§ **SUPPLIED DATA**:
----------
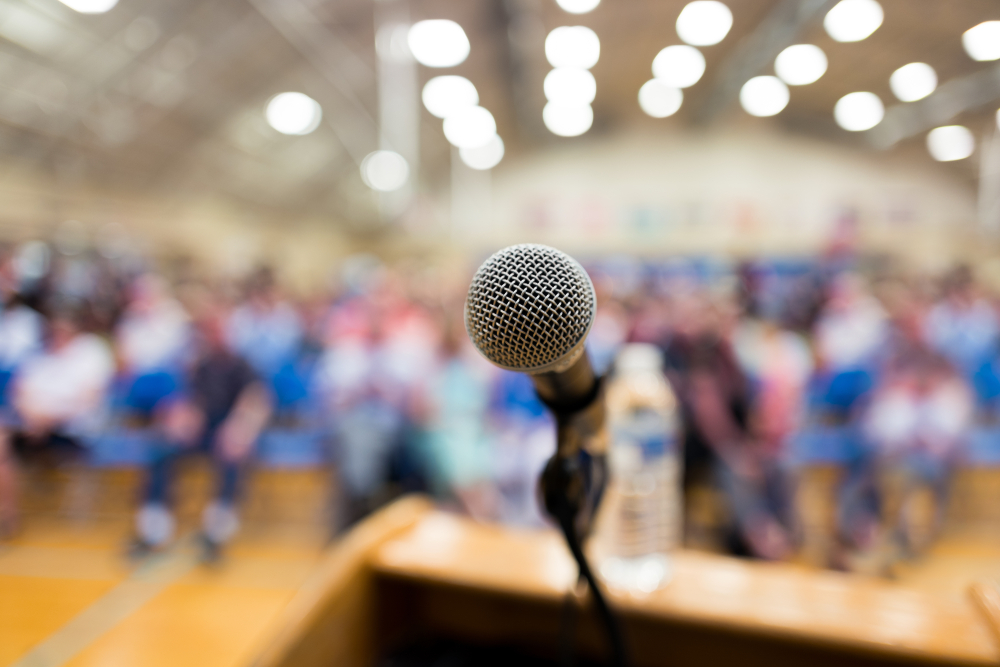 A microphone on a podium in front of an audience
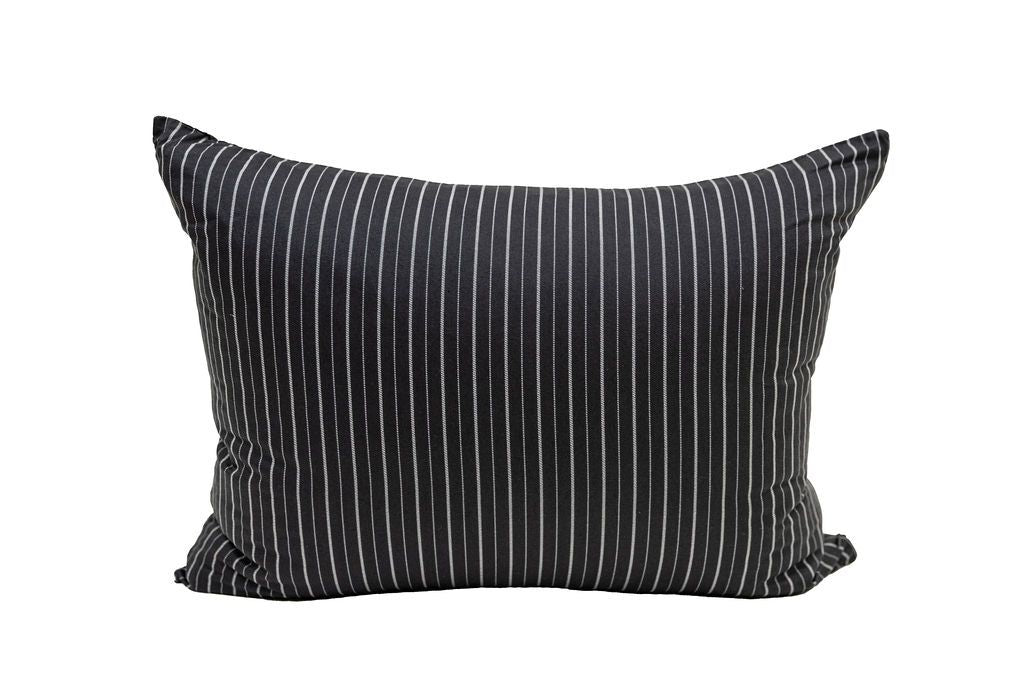 A black and white striped pillowcase. 
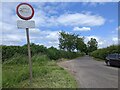 Lane to Mells, with a sign that needs a lick of paint in BA11 3RH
----------
§ **WHAT IS NEEDED**:
An unchanged copy of the data, images excluded, is all that should be given.

§ **RESPONSE AREA**:
 A microphone on a podium in front of an audience
 A black and white striped pillowcase. 
 Lane to Mells, with a sign that needs a lick of paint in BA11 3RH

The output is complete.